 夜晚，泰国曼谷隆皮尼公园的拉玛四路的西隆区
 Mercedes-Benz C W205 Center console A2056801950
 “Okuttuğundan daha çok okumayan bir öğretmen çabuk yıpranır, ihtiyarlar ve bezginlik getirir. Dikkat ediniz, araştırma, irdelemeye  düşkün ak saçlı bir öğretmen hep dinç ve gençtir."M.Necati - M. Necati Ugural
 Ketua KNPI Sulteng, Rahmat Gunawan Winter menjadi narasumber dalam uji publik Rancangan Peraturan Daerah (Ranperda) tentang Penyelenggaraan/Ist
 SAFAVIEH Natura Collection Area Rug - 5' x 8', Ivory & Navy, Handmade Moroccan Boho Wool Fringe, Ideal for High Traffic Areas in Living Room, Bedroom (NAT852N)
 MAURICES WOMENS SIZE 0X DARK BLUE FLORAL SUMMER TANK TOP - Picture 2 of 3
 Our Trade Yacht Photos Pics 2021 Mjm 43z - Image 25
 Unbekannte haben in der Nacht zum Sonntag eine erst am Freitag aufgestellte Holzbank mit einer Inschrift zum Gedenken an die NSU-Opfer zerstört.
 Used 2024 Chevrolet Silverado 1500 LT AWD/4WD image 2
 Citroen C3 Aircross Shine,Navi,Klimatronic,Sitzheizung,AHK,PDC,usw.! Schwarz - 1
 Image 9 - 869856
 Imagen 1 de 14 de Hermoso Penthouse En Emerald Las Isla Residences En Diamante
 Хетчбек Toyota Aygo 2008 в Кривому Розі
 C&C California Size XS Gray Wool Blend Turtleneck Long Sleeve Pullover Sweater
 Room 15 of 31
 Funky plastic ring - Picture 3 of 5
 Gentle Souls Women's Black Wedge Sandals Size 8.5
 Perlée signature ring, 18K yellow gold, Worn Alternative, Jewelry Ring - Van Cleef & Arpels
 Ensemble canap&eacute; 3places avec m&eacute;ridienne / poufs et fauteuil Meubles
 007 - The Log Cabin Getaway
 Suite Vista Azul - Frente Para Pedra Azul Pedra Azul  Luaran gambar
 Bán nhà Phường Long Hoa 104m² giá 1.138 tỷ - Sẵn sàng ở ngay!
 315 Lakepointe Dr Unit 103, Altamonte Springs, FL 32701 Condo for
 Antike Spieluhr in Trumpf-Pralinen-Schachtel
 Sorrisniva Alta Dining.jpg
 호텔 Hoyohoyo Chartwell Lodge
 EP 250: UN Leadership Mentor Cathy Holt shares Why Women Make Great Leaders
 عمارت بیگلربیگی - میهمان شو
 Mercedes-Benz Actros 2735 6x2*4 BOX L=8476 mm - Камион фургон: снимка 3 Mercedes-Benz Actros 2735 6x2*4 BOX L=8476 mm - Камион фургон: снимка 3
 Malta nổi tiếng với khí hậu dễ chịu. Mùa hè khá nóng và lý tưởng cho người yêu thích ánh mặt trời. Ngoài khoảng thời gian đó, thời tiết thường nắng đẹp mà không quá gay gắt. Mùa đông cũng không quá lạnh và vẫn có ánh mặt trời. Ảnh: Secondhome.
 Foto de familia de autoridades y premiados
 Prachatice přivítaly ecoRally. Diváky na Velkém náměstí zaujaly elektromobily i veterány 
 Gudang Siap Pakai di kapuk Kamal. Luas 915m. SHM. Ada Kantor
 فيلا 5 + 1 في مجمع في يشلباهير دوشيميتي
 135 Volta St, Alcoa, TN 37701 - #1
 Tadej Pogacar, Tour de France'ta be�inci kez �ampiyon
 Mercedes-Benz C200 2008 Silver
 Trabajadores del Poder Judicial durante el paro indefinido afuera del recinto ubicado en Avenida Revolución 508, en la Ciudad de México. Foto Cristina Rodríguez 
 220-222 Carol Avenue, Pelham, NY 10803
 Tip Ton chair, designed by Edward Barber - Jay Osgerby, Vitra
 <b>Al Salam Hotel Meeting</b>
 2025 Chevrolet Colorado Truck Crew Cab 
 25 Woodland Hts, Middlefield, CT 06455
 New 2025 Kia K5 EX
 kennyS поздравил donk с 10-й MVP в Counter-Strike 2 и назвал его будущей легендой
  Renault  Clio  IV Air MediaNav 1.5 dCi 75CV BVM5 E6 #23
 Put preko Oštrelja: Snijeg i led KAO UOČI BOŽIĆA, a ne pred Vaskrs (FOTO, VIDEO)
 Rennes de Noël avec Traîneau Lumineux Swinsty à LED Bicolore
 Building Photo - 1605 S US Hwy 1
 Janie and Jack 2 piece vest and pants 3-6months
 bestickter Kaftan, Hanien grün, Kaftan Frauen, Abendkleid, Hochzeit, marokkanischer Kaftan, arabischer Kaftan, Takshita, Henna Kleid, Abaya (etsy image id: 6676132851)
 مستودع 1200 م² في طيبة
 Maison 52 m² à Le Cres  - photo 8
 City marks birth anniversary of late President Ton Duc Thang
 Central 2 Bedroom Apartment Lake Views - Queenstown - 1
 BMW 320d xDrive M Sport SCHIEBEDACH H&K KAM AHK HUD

========

Every record above is to be written out exactly.

 夜晚，泰国曼谷隆皮尼公园的拉玛四路的西隆区
 Mercedes-Benz C W205 Center console A2056801950
 “Okuttuğundan daha çok okumayan bir öğretmen çabuk yıpranır, ihtiyarlar ve bezginlik getirir. Dikkat ediniz, araştırma, irdelemeye  düşkün ak saçlı bir öğretmen hep dinç ve gençtir."M.Necati - M. Necati Ugural
 Ketua KNPI Sulteng, Rahmat Gunawan Winter menjadi narasumber dalam uji publik Rancangan Peraturan Daerah (Ranperda) tentang Penyelenggaraan/Ist
 SAFAVIEH Natura Collection Area Rug - 5' x 8', Ivory & Navy, Handmade Moroccan Boho Wool Fringe, Ideal for High Traffic Areas in Living Room, Bedroom (NAT852N)
 MAURICES WOMENS SIZE 0X DARK BLUE FLORAL SUMMER TANK TOP - Picture 2 of 3
 Our Trade Yacht Photos Pics 2021 Mjm 43z - Image 25
 Unbekannte haben in der Nacht zum Sonntag eine erst am Freitag aufgestellte Holzbank mit einer Inschrift zum Gedenken an die NSU-Opfer zerstört.
 Used 2024 Chevrolet Silverado 1500 LT AWD/4WD image 2
 Citroen C3 Aircross Shine,Navi,Klimatronic,Sitzheizung,AHK,PDC,usw.! Schwarz - 1
 Image 9 - 869856
 Imagen 1 de 14 de Hermoso Penthouse En Emerald Las Isla Residences En Diamante
 Хетчбек Toyota Aygo 2008 в Кривому Розі
 C&C California Size XS Gray Wool Blend Turtleneck Long Sleeve Pullover Sweater
 Room 15 of 31
 Funky plastic ring - Picture 3 of 5
 Gentle Souls Women's Black Wedge Sandals Size 8.5
 Perlée signature ring, 18K yellow gold, Worn Alternative, Jewelry Ring - Van Cleef & Arpels
 Ensemble canap&eacute; 3places avec m&eacute;ridienne / poufs et fauteuil Meubles
 007 - The Log Cabin Getaway
 Suite Vista Azul - Frente Para Pedra Azul Pedra Azul  Luaran gambar
 Bán nhà Phường Long Hoa 104m² giá 1.138 tỷ - Sẵn sàng ở ngay!
 315 Lakepointe Dr Unit 103, Altamonte Springs, FL 32701 Condo for
 Antike Spieluhr in Trumpf-Pralinen-Schachtel
 Sorrisniva Alta Dining.jpg
 호텔 Hoyohoyo Chartwell Lodge
 EP 250: UN Leadership Mentor Cathy Holt shares Why Women Make Great Leaders
 عمارت بیگلربیگی - میهمان شو
 Mercedes-Benz Actros 2735 6x2*4 BOX L=8476 mm - Камион фургон: снимка 3 Mercedes-Benz Actros 2735 6x2*4 BOX L=8476 mm - Камион фургон: снимка 3
 Malta nổi tiếng với khí hậu dễ chịu. Mùa hè khá nóng và lý tưởng cho người yêu thích ánh mặt trời. Ngoài khoảng thời gian đó, thời tiết thường nắng đẹp mà không quá gay gắt. Mùa đông cũng không quá lạnh và vẫn có ánh mặt trời. Ảnh: Secondhome.
 Foto de familia de autoridades y premiados
 Prachatice přivítaly ecoRally. Diváky na Velkém náměstí zaujaly elektromobily i veterány 
 Gudang Siap Pakai di kapuk Kamal. Luas 915m. SHM. Ada Kantor
 فيلا 5 + 1 في مجمع في يشلباهير دوشيميتي
 135 Volta St, Alcoa, TN 37701 - #1
 Tadej Pogacar, Tour de France'ta be�inci kez �ampiyon
 Mercedes-Benz C200 2008 Silver
 Trabajadores del Poder Judicial durante el paro indefinido afuera del recinto ubicado en Avenida Revolución 508, en la Ciudad de México. Foto Cristina Rodríguez 
 220-222 Carol Avenue, Pelham, NY 10803
 Tip Ton chair, designed by Edward Barber - Jay Osgerby, Vitra
 <b>Al Salam Hotel Meeting</b>
 2025 Chevrolet Colorado Truck Crew Cab 
 25 Woodland Hts, Middlefield, CT 06455
 New 2025 Kia K5 EX
 kennyS поздравил donk с 10-й MVP в Counter-Strike 2 и назвал его будущей легендой
  Renault  Clio  IV Air MediaNav 1.5 dCi 75CV BVM5 E6 #23
 Put preko Oštrelja: Snijeg i led KAO UOČI BOŽIĆA, a ne pred Vaskrs (FOTO, VIDEO)
 Rennes de Noël avec Traîneau Lumineux Swinsty à LED Bicolore
 Building Photo - 1605 S US Hwy 1
 Janie and Jack 2 piece vest and pants 3-6months
 bestickter Kaftan, Hanien grün, Kaftan Frauen, Abendkleid, Hochzeit, marokkanischer Kaftan, arabischer Kaftan, Takshita, Henna Kleid, Abaya (etsy image id: 6676132851)
 مستودع 1200 م² في طيبة
 Maison 52 m² à Le Cres  - photo 8
 City marks birth anniversary of late President Ton Duc Thang
 Central 2 Bedroom Apartment Lake Views - Queenstown - 1
 BMW 320d xDrive M Sport SCHIEBEDACH H&K KAM AHK HUD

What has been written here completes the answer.